### [EXERCISE AIM]
Wherever the line with "Grand English Style" sits in the listing below, transcribe from it up to and including the line with "Bình hút lộc", exactly, and leave the remaining lines out.

____

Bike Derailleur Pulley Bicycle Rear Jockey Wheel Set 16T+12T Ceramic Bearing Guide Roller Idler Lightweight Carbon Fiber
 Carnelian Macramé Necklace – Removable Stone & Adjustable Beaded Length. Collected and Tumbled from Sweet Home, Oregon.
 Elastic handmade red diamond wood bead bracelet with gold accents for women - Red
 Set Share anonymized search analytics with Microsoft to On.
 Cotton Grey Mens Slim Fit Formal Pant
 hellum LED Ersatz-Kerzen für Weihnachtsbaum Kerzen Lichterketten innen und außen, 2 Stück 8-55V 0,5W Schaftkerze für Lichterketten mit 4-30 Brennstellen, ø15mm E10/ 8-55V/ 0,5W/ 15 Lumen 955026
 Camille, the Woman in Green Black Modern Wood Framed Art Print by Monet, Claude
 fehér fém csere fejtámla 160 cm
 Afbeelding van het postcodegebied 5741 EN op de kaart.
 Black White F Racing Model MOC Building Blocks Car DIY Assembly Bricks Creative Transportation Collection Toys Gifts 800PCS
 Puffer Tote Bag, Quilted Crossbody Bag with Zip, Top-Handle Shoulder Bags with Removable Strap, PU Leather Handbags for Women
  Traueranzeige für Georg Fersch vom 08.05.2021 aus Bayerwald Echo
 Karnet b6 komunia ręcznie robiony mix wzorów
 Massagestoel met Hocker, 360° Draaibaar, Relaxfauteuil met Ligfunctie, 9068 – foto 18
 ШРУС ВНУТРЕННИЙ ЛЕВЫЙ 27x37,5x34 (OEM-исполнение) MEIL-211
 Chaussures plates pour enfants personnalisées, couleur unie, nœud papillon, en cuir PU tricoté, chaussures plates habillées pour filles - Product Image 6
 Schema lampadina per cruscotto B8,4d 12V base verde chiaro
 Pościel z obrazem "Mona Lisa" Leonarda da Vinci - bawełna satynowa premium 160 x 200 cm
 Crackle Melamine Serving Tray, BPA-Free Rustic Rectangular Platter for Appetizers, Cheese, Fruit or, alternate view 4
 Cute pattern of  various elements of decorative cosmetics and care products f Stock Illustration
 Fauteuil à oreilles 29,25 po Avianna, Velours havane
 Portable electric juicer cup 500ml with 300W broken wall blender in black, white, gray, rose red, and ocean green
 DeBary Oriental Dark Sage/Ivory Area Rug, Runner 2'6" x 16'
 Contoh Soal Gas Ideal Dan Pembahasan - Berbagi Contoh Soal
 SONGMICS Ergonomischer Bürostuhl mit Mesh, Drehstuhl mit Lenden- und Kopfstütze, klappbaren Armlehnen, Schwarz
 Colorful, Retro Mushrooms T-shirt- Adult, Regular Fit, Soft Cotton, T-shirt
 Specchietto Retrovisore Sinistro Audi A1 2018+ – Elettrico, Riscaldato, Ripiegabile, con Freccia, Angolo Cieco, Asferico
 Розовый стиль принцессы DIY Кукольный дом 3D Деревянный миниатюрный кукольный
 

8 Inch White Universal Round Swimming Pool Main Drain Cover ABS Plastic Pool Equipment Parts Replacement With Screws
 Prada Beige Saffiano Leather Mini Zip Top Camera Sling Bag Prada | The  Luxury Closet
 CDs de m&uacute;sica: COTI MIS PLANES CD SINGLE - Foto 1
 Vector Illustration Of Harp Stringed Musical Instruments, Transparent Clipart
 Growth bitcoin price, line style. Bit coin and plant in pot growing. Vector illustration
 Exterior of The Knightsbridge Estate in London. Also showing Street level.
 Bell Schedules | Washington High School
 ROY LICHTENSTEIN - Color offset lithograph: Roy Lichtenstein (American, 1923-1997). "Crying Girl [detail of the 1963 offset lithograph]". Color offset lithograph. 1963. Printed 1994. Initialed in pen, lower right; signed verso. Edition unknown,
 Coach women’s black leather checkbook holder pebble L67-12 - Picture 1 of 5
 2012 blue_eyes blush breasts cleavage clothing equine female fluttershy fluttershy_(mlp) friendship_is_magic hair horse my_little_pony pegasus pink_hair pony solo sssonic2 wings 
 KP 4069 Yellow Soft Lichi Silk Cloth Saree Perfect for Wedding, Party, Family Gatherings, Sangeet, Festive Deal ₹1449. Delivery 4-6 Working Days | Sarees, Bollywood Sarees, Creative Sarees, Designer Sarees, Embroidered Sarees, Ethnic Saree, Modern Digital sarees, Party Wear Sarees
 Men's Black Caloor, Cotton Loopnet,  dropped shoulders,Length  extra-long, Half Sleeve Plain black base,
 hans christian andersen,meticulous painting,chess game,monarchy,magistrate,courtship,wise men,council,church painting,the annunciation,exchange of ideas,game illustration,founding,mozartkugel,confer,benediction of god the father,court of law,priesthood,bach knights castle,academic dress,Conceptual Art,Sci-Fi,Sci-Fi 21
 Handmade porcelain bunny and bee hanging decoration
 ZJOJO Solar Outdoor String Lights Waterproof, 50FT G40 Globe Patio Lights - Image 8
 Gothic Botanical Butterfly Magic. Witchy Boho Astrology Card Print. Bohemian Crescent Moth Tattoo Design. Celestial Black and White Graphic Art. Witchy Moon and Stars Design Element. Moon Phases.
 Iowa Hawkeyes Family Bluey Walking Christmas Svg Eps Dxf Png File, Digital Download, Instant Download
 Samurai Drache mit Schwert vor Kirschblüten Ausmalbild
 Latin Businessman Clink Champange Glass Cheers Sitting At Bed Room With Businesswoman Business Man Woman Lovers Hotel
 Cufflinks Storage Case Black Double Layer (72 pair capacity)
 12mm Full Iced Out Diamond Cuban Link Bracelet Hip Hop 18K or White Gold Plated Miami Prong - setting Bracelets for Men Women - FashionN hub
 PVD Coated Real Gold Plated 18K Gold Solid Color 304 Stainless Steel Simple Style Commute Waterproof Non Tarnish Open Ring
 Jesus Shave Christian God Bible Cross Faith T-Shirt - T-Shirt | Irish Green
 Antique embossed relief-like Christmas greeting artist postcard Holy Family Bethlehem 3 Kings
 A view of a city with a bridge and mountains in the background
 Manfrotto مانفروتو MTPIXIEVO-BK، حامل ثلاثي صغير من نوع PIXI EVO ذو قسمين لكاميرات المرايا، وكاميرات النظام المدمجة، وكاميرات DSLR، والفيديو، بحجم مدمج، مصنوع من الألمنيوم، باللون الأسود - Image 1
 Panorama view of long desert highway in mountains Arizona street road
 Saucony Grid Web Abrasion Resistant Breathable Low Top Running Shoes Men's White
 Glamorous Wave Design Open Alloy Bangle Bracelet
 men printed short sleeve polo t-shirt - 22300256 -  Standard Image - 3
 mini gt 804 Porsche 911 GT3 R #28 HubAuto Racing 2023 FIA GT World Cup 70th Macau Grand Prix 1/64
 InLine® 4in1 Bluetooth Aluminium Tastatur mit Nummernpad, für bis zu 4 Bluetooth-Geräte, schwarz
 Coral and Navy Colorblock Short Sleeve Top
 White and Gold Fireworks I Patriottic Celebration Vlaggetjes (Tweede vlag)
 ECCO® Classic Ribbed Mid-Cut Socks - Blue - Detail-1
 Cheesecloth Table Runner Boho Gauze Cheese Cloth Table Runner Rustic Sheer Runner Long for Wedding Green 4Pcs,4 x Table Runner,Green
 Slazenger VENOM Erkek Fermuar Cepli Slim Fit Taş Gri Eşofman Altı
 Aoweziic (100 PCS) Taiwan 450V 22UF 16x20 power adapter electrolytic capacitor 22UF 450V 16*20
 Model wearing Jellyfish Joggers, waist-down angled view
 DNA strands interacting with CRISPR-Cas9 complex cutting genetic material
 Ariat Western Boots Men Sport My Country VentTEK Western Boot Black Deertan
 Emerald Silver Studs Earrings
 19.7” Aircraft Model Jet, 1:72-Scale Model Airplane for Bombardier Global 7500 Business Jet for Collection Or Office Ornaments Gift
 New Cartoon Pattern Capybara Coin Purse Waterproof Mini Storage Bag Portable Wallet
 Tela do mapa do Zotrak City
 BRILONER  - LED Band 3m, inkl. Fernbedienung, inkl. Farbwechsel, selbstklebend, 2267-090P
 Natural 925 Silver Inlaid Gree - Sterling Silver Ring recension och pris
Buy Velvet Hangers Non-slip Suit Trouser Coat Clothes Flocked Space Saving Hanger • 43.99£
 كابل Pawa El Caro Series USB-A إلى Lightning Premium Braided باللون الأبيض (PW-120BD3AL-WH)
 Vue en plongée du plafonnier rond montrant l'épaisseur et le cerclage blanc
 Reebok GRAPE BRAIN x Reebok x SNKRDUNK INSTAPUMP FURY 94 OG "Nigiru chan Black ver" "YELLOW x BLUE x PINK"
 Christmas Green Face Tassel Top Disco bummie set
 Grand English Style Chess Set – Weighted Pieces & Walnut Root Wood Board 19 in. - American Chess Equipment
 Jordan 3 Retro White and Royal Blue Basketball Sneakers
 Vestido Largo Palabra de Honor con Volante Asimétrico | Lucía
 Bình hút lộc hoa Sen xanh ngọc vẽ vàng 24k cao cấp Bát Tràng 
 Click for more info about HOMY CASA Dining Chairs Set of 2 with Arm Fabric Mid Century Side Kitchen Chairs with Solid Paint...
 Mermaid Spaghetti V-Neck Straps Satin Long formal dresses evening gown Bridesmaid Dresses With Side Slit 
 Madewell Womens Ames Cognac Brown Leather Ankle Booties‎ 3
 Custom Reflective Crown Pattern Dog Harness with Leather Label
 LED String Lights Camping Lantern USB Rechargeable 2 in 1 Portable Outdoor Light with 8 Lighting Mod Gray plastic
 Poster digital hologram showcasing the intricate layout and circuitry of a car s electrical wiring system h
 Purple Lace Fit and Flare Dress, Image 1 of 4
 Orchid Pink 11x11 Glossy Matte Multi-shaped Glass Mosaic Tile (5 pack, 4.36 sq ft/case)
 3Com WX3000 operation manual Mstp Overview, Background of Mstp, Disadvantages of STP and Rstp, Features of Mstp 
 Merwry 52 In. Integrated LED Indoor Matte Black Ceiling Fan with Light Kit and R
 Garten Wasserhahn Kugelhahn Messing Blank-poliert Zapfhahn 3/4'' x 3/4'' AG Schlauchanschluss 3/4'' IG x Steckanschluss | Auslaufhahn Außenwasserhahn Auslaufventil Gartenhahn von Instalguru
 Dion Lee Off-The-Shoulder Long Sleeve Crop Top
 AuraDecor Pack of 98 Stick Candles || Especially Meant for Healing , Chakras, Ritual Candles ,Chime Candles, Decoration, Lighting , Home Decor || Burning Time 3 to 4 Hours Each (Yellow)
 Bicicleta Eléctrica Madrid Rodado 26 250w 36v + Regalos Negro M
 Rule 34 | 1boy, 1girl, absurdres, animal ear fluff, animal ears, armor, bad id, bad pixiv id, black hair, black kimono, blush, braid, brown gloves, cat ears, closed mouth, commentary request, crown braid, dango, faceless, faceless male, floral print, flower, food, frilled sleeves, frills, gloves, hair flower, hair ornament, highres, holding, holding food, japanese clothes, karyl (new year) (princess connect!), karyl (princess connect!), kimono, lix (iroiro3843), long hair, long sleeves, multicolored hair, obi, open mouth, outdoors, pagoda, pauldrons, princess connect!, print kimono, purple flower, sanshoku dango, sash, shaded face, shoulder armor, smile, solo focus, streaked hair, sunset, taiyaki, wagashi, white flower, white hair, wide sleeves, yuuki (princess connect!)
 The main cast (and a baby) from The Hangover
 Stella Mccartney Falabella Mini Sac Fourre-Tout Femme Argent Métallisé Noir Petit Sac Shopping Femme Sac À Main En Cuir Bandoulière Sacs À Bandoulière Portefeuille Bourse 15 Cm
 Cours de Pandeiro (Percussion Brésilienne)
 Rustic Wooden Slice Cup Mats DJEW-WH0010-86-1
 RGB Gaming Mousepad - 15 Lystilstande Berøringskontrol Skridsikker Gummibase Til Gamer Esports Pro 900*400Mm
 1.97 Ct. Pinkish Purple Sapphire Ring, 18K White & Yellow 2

____

### [RESULT OF THIS TASK]
 Grand English Style Chess Set – Weighted Pieces & Walnut Root Wood Board 19 in. - American Chess Equipment
 Jordan 3 Retro White and Royal Blue Basketball Sneakers
 Vestido Largo Palabra de Honor con Volante Asimétrico | Lucía
 Bình hút lộc hoa Sen xanh ngọc vẽ vàng 24k cao cấp Bát Tràng 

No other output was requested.